Donald Trump during his presidential campaign extolled his independence from big-money backers, touting his wealth and ability to self-finance his race.
Like other Trump boasts, that wasn't true. Trump received significant financial aid and other campaign assistance from an obscure hedge-fund CEO named Robert Mercer, as the New Yorker's Jane Mayer examines in an exhaustive July 27 piece.
Mayer, who wrote the definitive book on the wealthy Koch Brothers and their efforts to control American politics, shows how Mercer and his daughter. Rebekah, significantly influence the Trump presidency. Mercer introduced Trump to advisers Steve Bannon and Kellyanne Conway, and is a significant backer of Bannon's Breitbart News, the "alt-right" publication that played a major part in boosting Trump.
The co-CEO of Renaissance Technologies, a Long Island hedge fund that uses algorithms to predict financial market outcomes, Mercer is described as an eccentric mathematical genius. A Wall Street Journal profile quoted by Mayer says he feels more comfortable around cats than humans.
He also hates government, holding the Ayn Rand philosophy that wealth is a sign of human superiority and that rich people shouldn't be taxed to help poor people. Nor does he believe in climate change.
According to Mayer, he also believes in the most outlandish conspiracy theories regarding Bill and Hillary Clinton. His hatred of Hillary Clinton led him to involvement in the 2016 campaign, first backing Ted Cruz until he dropped out. Mercer then switched his support to Trump, donating $2 million directly to Trump's campaign and much more to GOP PACS.

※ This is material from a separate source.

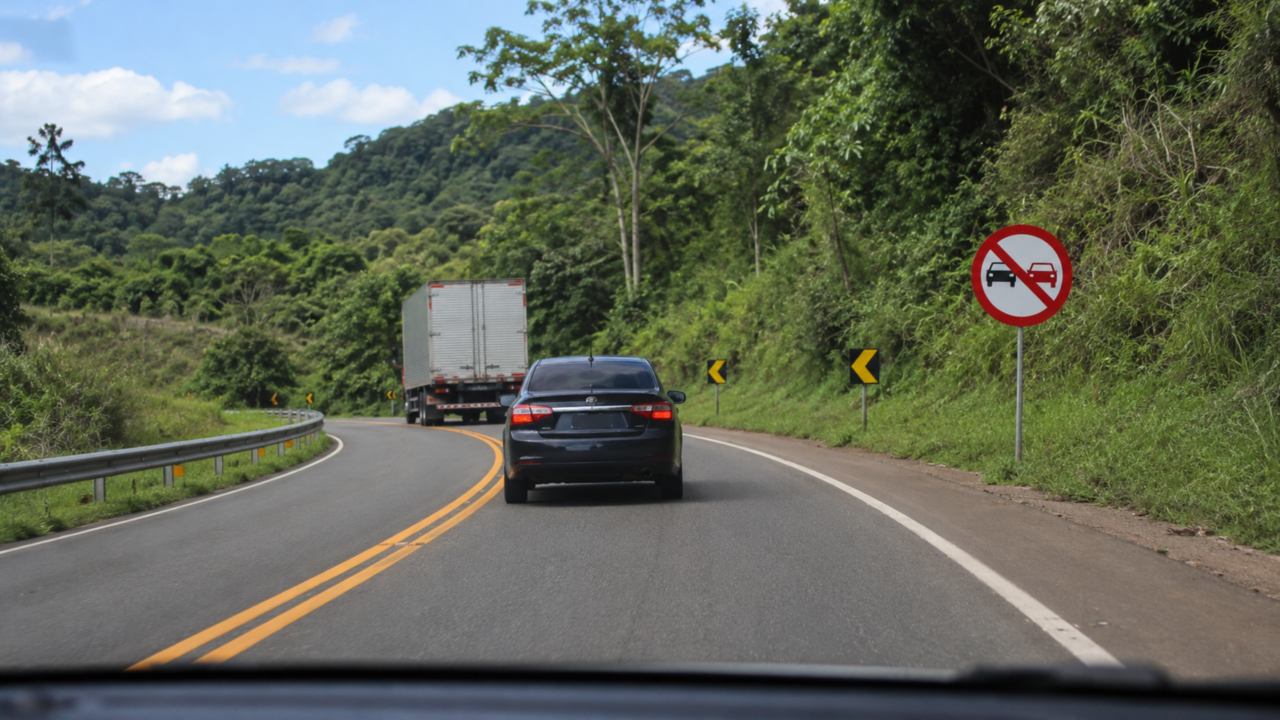 A ultrapassagem que parece coragem na estrada, mas pode virar uma das multas mais pesadas do CTB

The article included one surprising revelation, that Patrick Caddell, the pollster known for helping Jimmy Carter win the White House, now works for the GOP and is a close associate of Bannon. For years, Caddell's polling has shown widespread support for a political outsider, an assessment that proved true with Trump.
Mayer concludes that Mercer's power is another sign of how the Supreme Court's Citizens United ruling has given ultra-wealthy Americans unprecedented control. She says that power has shifted from the two political parties to a small group of rich Americans.
Another insight struck me, that the new class who gained their wealth through the financial industry care less about the country's general good than the old industrialists of the 19th and 20th centuries, who actually built things.The Robert Mercers of today are unlikely to make an effort for the civic good such as Andrew Carnegie's building of public libraries across the country.